# taz.de -- Uni Hamburg knickt Kriminologie-Studium: Kritische Polizei-Forschung am Ende
       
       > Lange konnte man in Hamburg Kriminologie als kritische Sozialwissenschaft
       > studieren. Nun wird der deutschlandweit einzigartige Studiengang
       > abgeschafft.
       
 (IMG) Bild: Was die Polizei tut bewegt die Gesellschaft: Demo gegen Polizeigewalt im August 2020 in Hamburg
       
       HAMBURG taz | Nun ist die endgültige Entscheidung gefallen: Der renommierte
       Masterstudiengang Internationale Kriminologie, der seit Mitte der
       1980er-Jahre an der Universität Hamburg bestand, wird abgeschafft. Nach
       einem längeren Prozess in der Universität erteilte der Fakultätsrat als
       oberste Instanz Mitte Juli seine Zustimmung. Ein Gegenantrag zur Bildung
       einer Arbeitsgruppe, die Möglichkeiten evaluieren sollte, den Studiengang
       zu erhalten, wurde abgelehnt.
       
       [1][Racial Profiling], [2][Polizeigewalt] oder auch geschlechterspezifische
       Kriminalität sind einige der gesellschaftlichen Probleme, die im Rahmen des
       Kriminologie-Masters behandelt werden.

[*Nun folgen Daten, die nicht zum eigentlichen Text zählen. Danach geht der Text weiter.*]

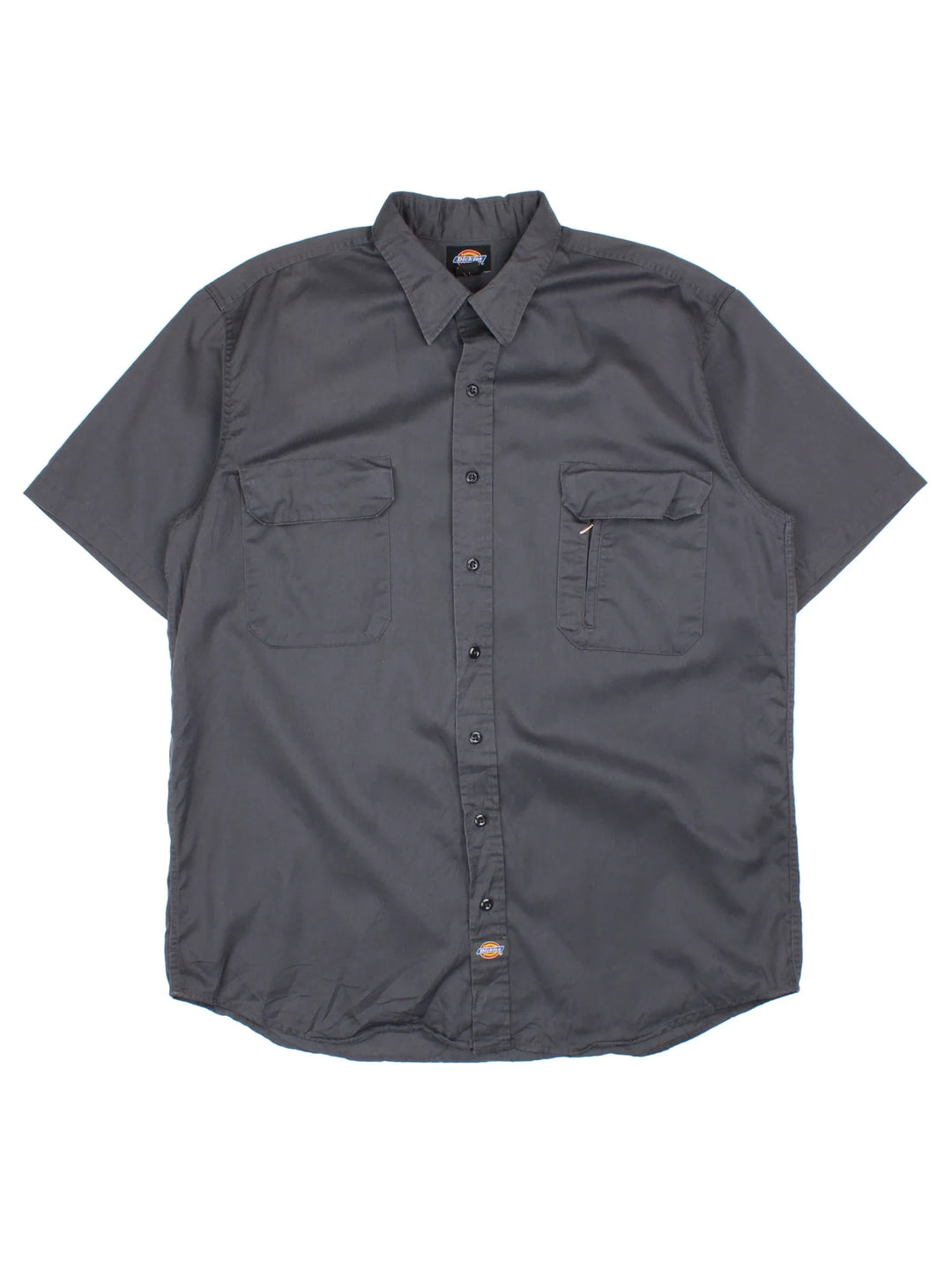 Dickies Work Shirt in a black colourway, button up and has double chest pockets and the logo embroidered on the front by the hem.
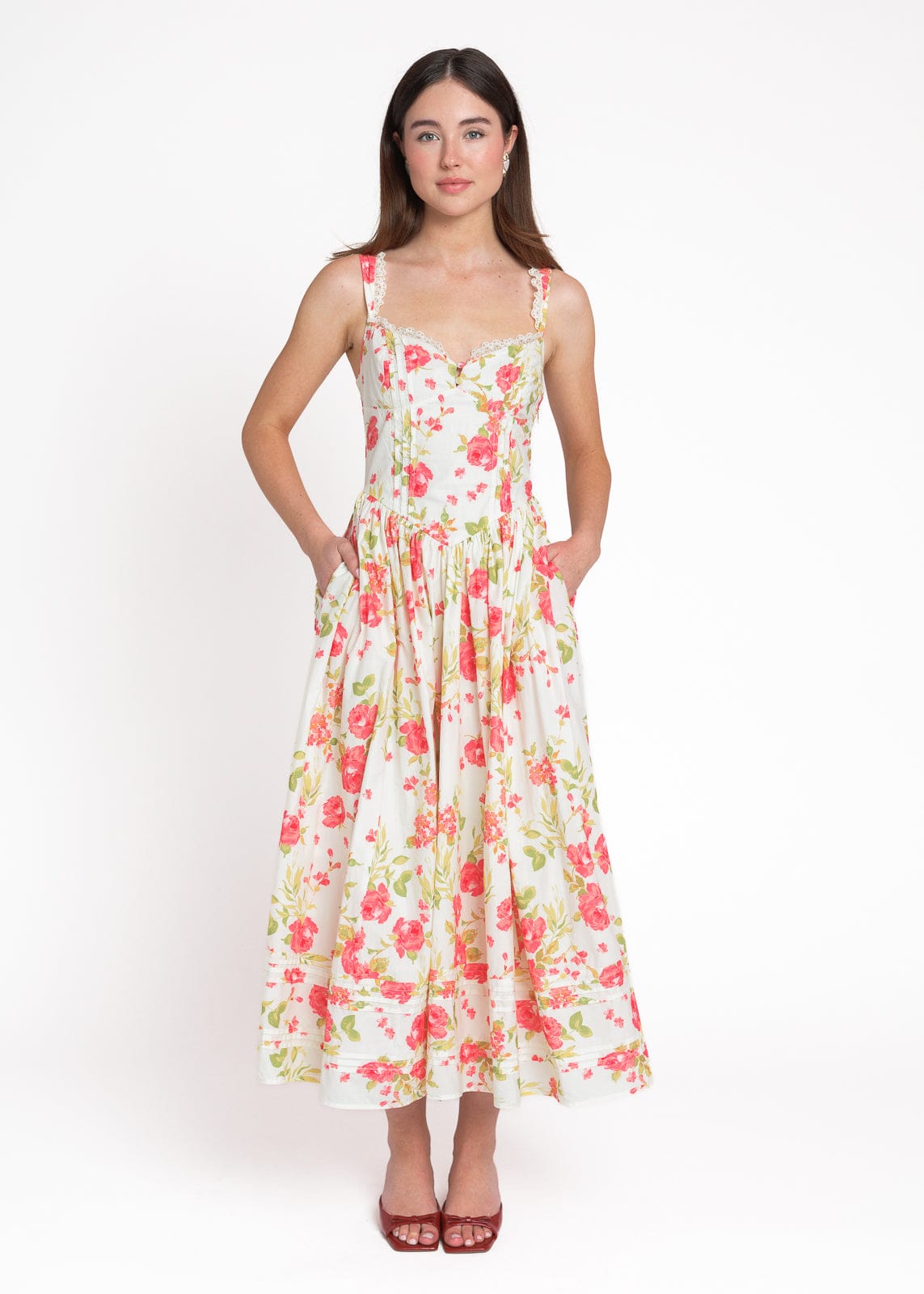 chic size inclusive model wearing JessaKae Lottie Basque Waist Floral Midi Dress - White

Der Studiengang richtet unter
       anderem einen Fokus auf die kritische Erforschung von Sicherheitsbehörden.
       
       Gerade diese Perspektive wird aktuell eigentlich dringend benötigt: Erst
       vor wenigen Monaten hat die Stadt Hamburg beschlossen, die Aufklärung zum
       hier erfolgten NSU-Mord nicht im Rahmen eines parlamentarischen
       Untersuchungsausschusses, sondern [3][wissenschaftlich betreiben zu
       lassen]. Dass jetzt ausgerechnet die Kriminologie als Fachbereich mit der
       hierfür erforderlichen Expertise abgebaut wird, passt dazu nicht.
       
       Im vergangenen Wintersemester wurden ein letztes Mal Bewerber*innen für
       den Studiengang zugelassen, pro Jahrgang werden nur 30 Personen angenommen.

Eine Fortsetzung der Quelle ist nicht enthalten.